UW connected on 13 of 20 shots from the floor over that span, a 65-percent clip. The Badgers rebounded 5 of those 7 missed field goals, converting all five into second-chance baskets that accounted for 10 points.
Boston College, meanwhile, was held to 13.3 percent shooting during the Badgers’ run. The Eagles connected on 2 of 15 shot attempts, with UW controlling 10 of the possible 13 rebounds on the defensive glass (77 percent) to limit any second-chance scoring for BC.
"It was inside-outside, it was off offensive rebounds," UW head coach Bo Ryan said. “We scored, I think, in about every way that you can.
"There are times when things get going and it's just some how, some way, those waves hit."
Wisconsin turned the Eagles (3-2) over four times during its run, converting eight points off turnovers.
Conversely, the Badgers turned the ball over just three times in the game, the third-best performance in school history.

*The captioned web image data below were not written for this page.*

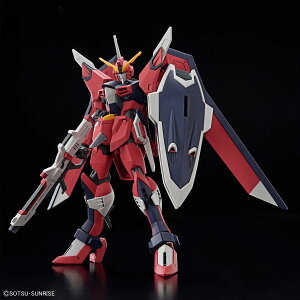 �o���_�C�X�s���b�c 1/144 HG �C���[�^���W���X�e�B�X�K���_���i�@����m�K���_��SEED FREEDOM�j �K���v��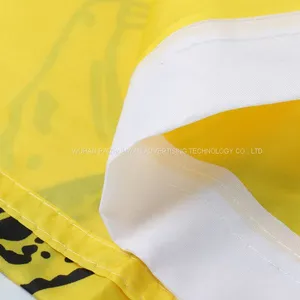 Wholesale 3x5 Ft Gadsden DONT TREAD ON ME Yellow Snake Polyester Flag thumbnail-5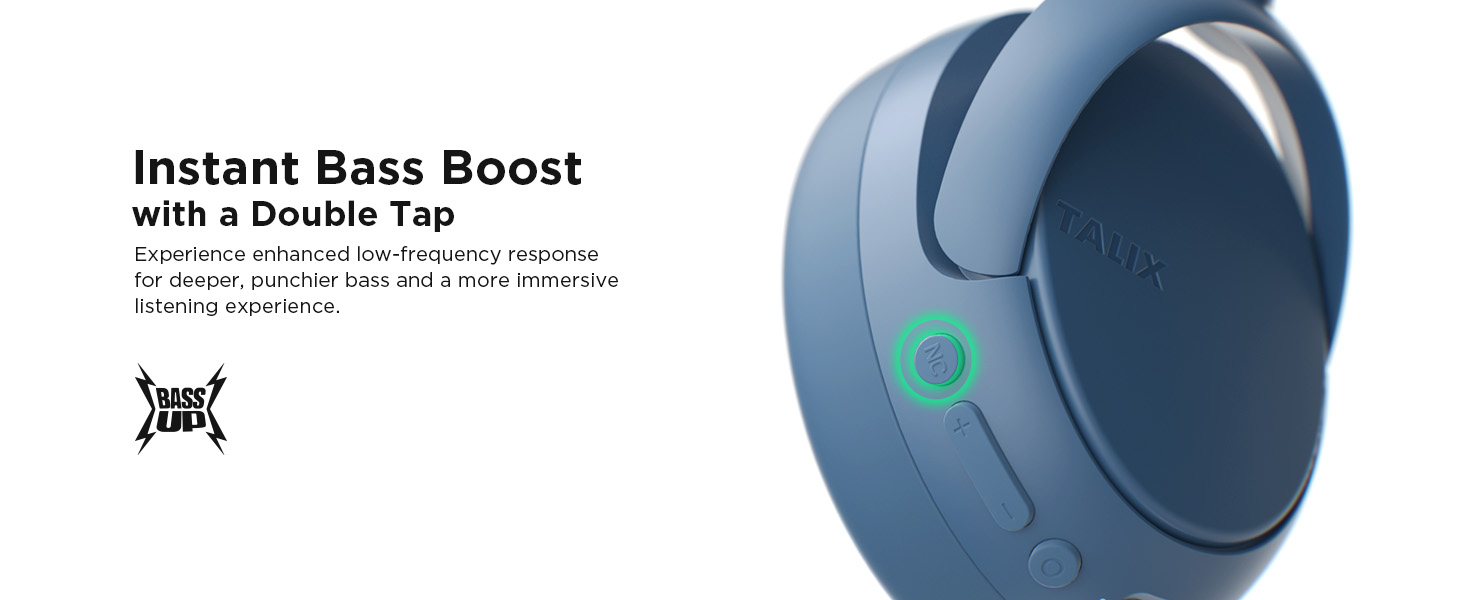 Noise Cancelling Headphones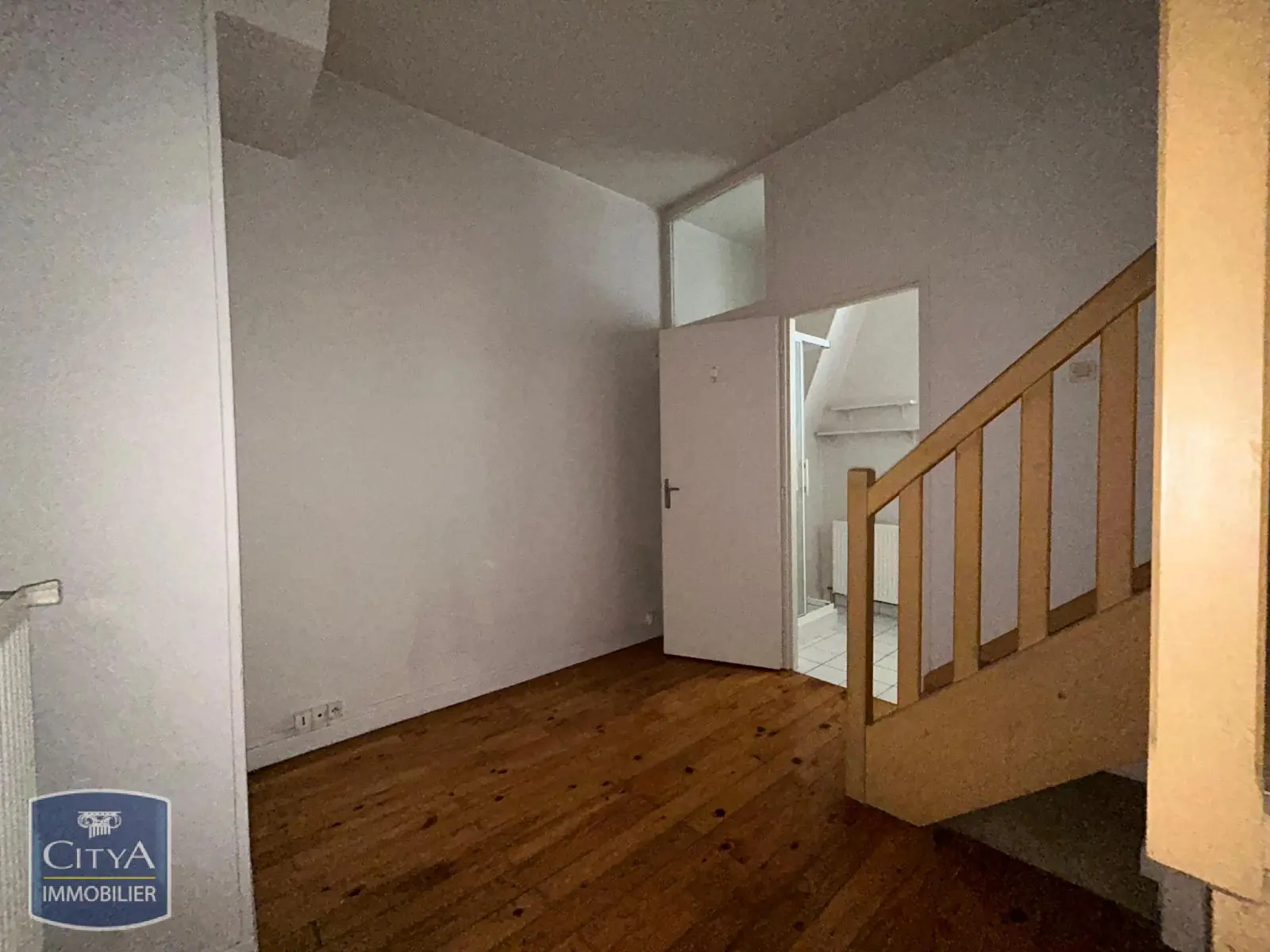 Photo 3 Appartement 1 pièce 28.74m²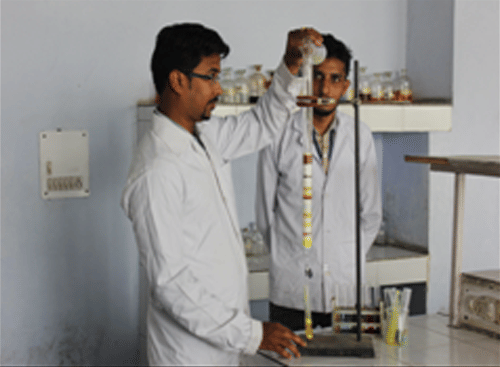 Guru Nanak Khalsa Group of Educational Institutions Yamuna Nagar Academic Facilities photo 17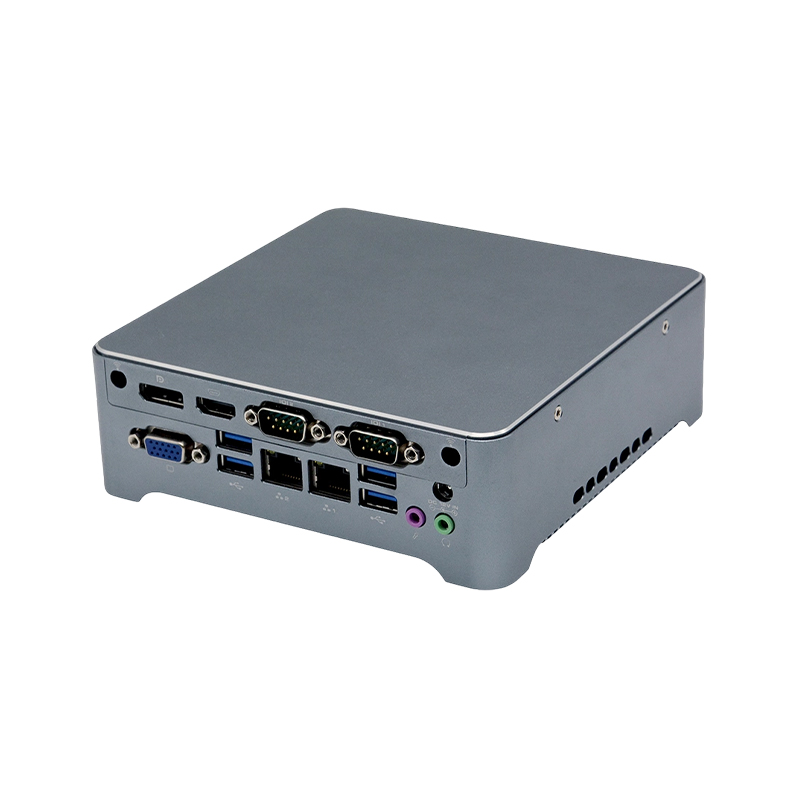 Mini PC/NUC N5350Z-HD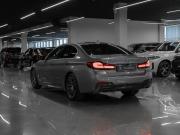 BMW 5 серии VII (G30/G31/G38) Рестайлинг Москва  - изображение 33
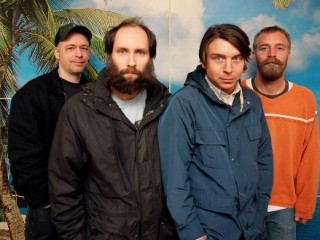 Built to Spill picture, image, poster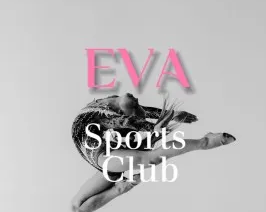 Спортивный клуб художественной гимнастики «Ева»
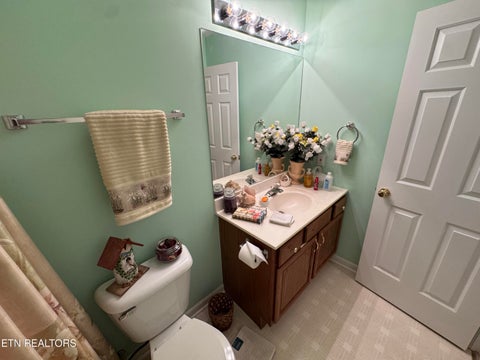 Tiny photo for 2810 Knob Creek Lane, Knoxville, TN 37912 (MLS # 1359442)
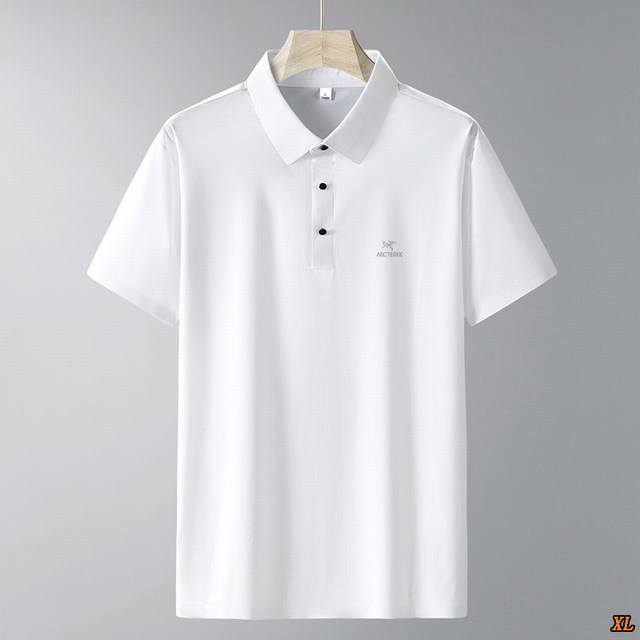 Arc'Teryx exclusive real shot of the new summer high-quality seamless ice silk n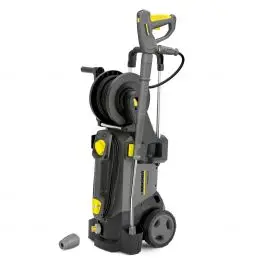 Direct Beschikbaar Kärcher hogedrukreiniger HD 5/17 CX Plus | vuilfrees | haspel | 500 l/u | 170 bar | 230V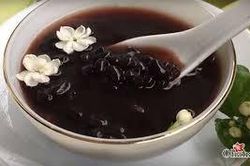 Những người tuyệt đối không được ăn đậu đen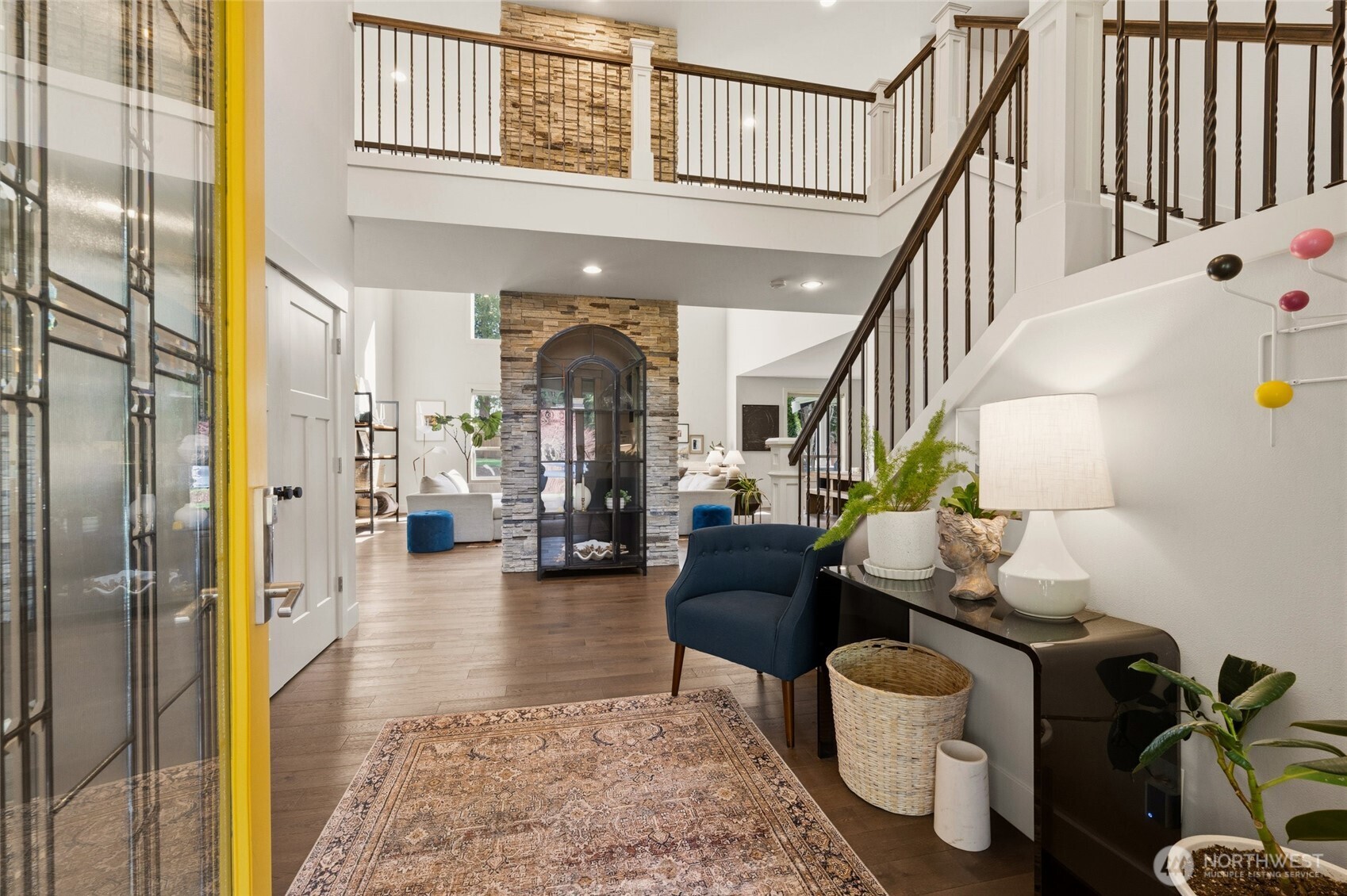 21215 E Lost Lake Road , Snohomish, WA 98296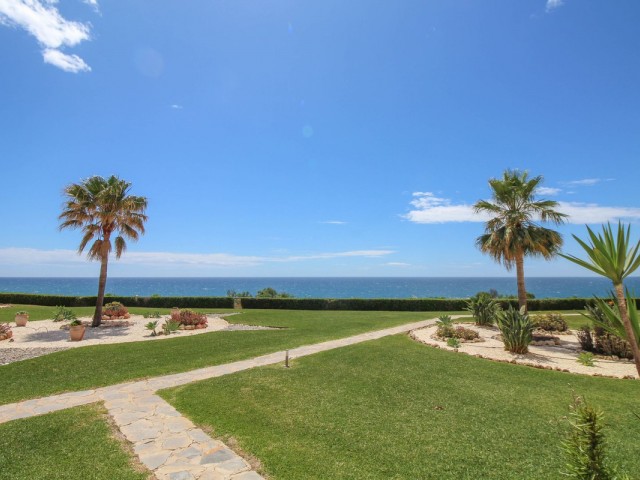 3 Schlafzimmer Apartment in El Chaparral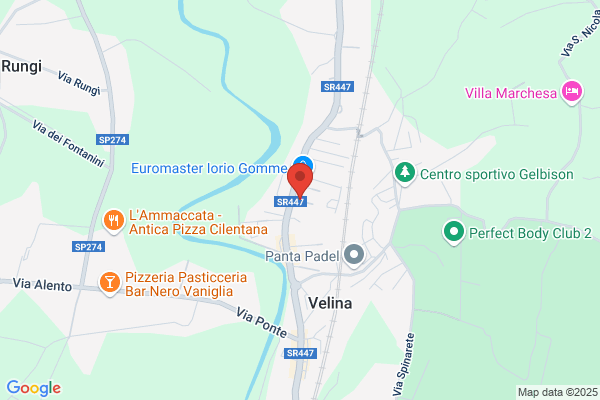 Vassallo Macchine Agricole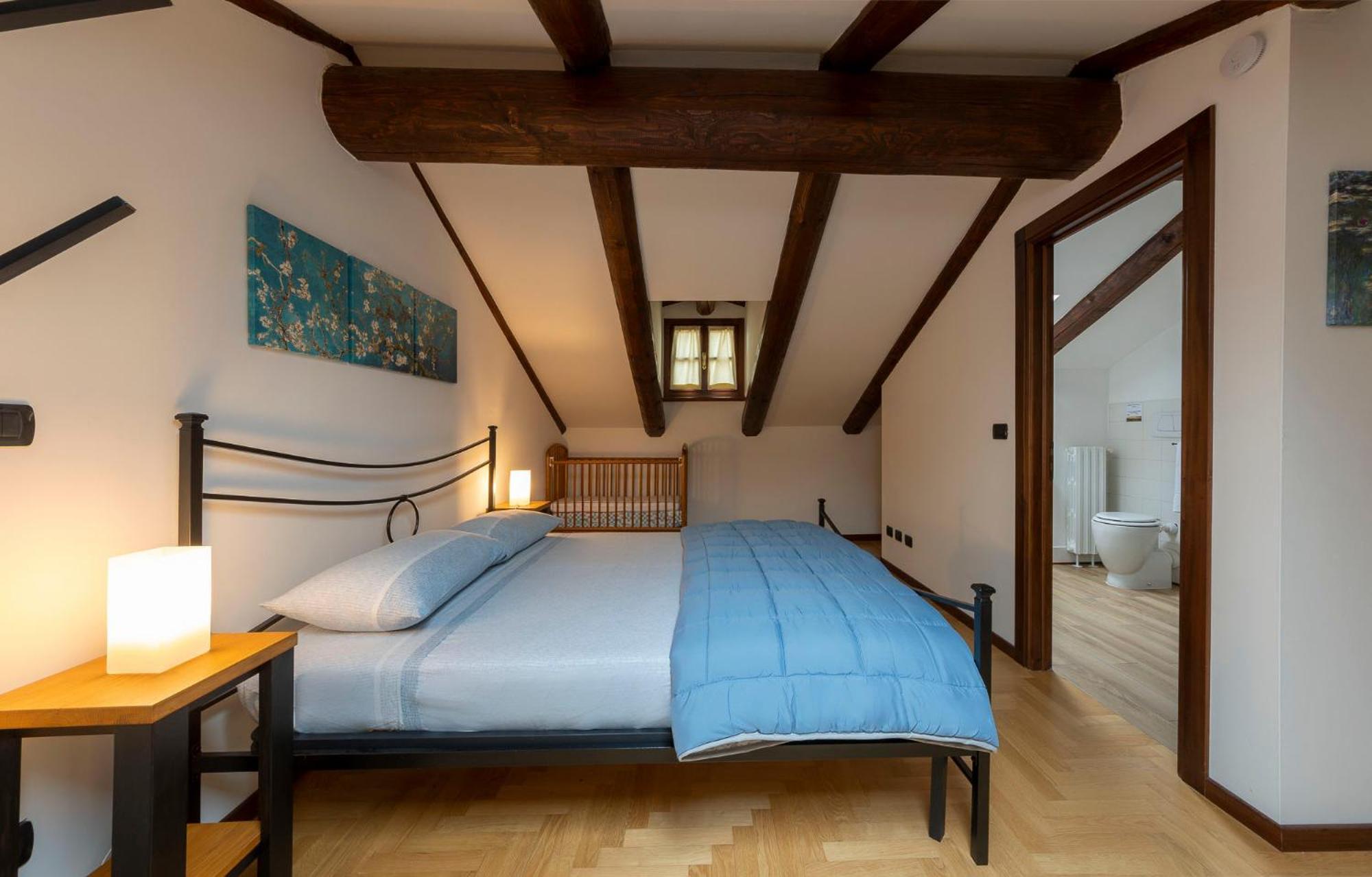 Ferienwohnung Peiragal La Morra Exterior foto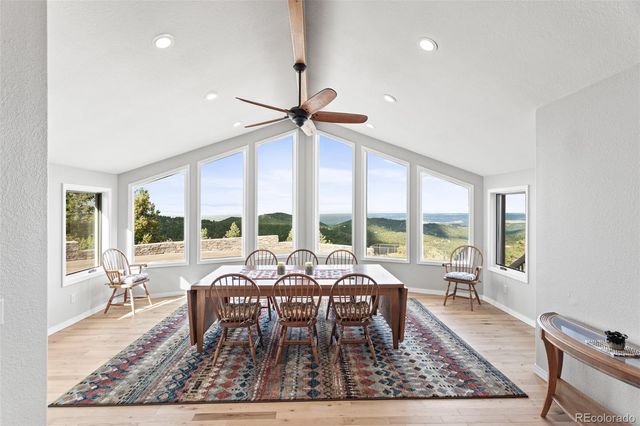 18844 Ute Vista Trail, Morrison, CO 80465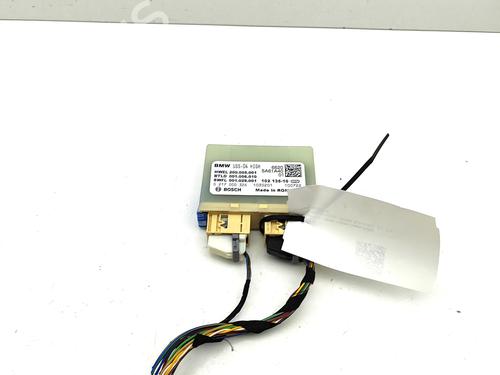 Used Electronic module Electronic module BMW 4 Gran Coupe (G26) M440 i Mild-Hybrid xDrive (374 hp) 34136840 34136840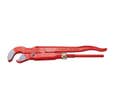CLE SERRE TUBE SUEDOISE 1" 320 MM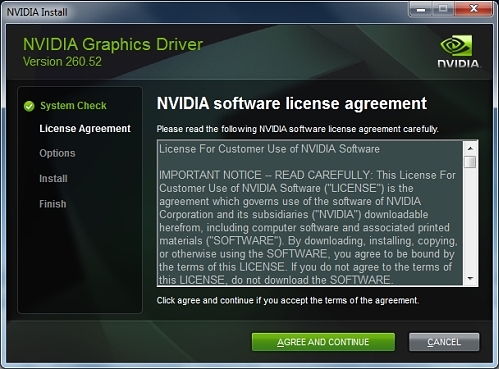 geforce_260.52_installation_menu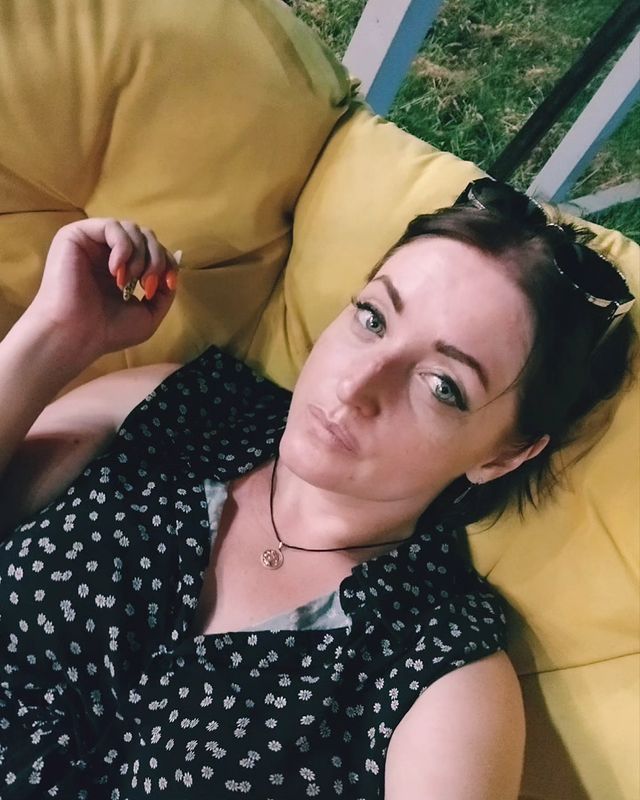 zorinasveta_24 в LOOKY. . ..... Однажды шторм ...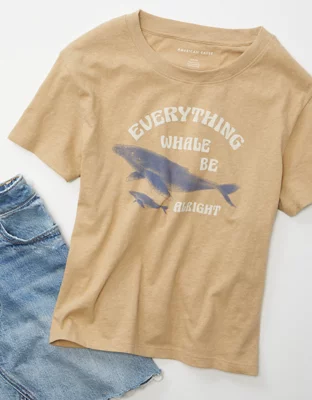 AE Graphic Tee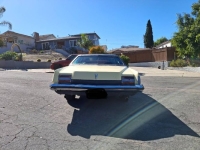 1973 Pontiac Grand Prix for sale in Michigan (ID-161815)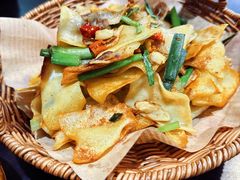 -在莲野·湖北民间菜·头牌松滋鸡(光谷步行街店)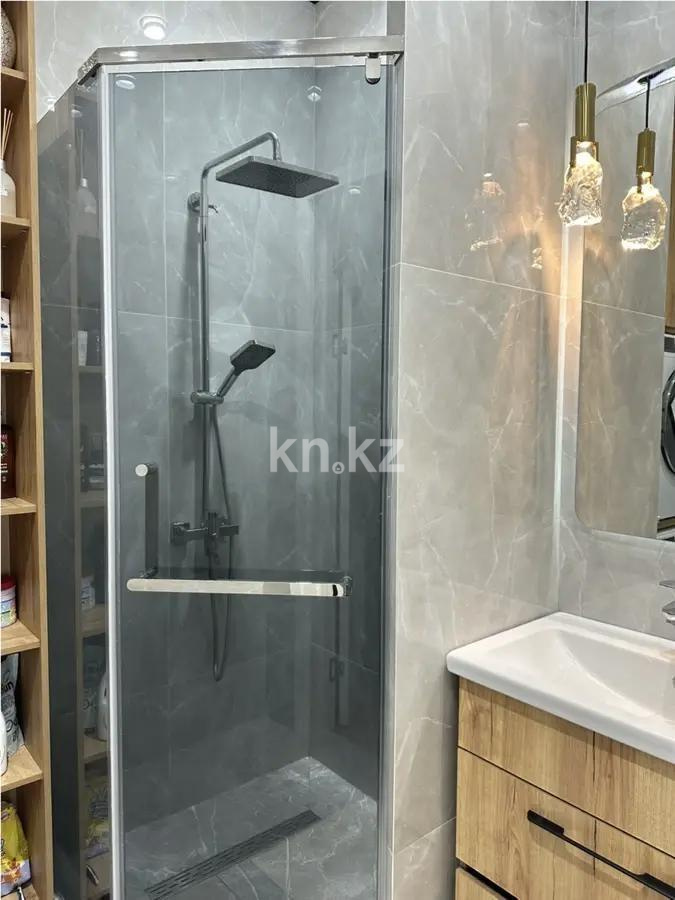 Продажа 3-комнатной квартиры, 91 м² в Караганде - фото 6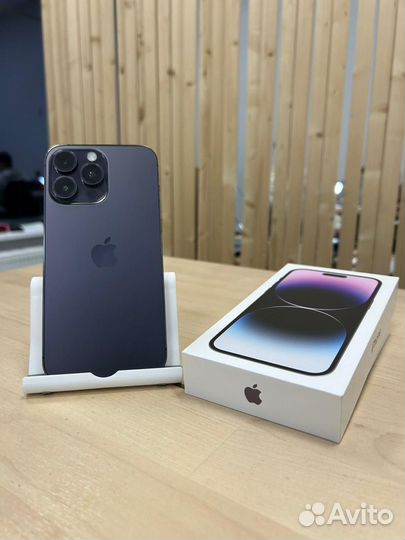 iPhone 14 Pro Max, 1 ТБ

UW was guilty of just one turnover over the first 37 minutes of the contest.
Nankivil, who had just seen an uncontested dunk attempt – coming in transition off a Mike Bruesewitz steal – somehow reverse itself back through the top of the rim before being counted, helped get the Badgers’ rally started.
After back-to-back baskets by Josh Gasser and Bruesewitz to open the run, Nankivil grabbed a defensive rebound that led to a basket by Bruesewitz and then blocked a shot on Boston College’s next trip.
The swat set up a jumper by Taylor that drew iron but was flushed home on a second-chance slam by Nankivil to give the Badgers a 36-34 lead with 13:55 to play.
After the Eagles answered with a basket to knot things up again, at 36-all, Nankivil came through with another second-chance bucket to stake the Badgers to a lead they wouldn’t relinquish.
Taylor hit jumpers on consecutive possessions, Leuer splashed a look from the baseline, Gasser dropped in back-to-back layups and then Rob Wilson drilled a long jumper to cap an 18-0 run that had the Badgers leading, 54-36, with 7:22 remaining.
The Eagles finally snapped a scoreless drought of 6:08 with a basket by Joe Trapani, but the UW lead grew to 22 points, at 60-38, after Tim Jarmusz and Leuer hit 3-pointers on consecutive possessions.
Boston College refused to fade, however, putting together a 15-0 run over the next 4 1/2 minutes to cut the Badgers’ lead to seven points with under a minute to play.
Leuer and Taylor combined to hit 5 of 6 free throws down the stretch to preserve the victory, Wisconsin’s fifth straight against an Atlantic Coast Conference opponent.
The Badgers advance to Sunday’s championship game, where they will face the winner of the semifinal matchup between California and Notre Dame. Tip-off is set for 6 p.m. (CT), live on ESPN2.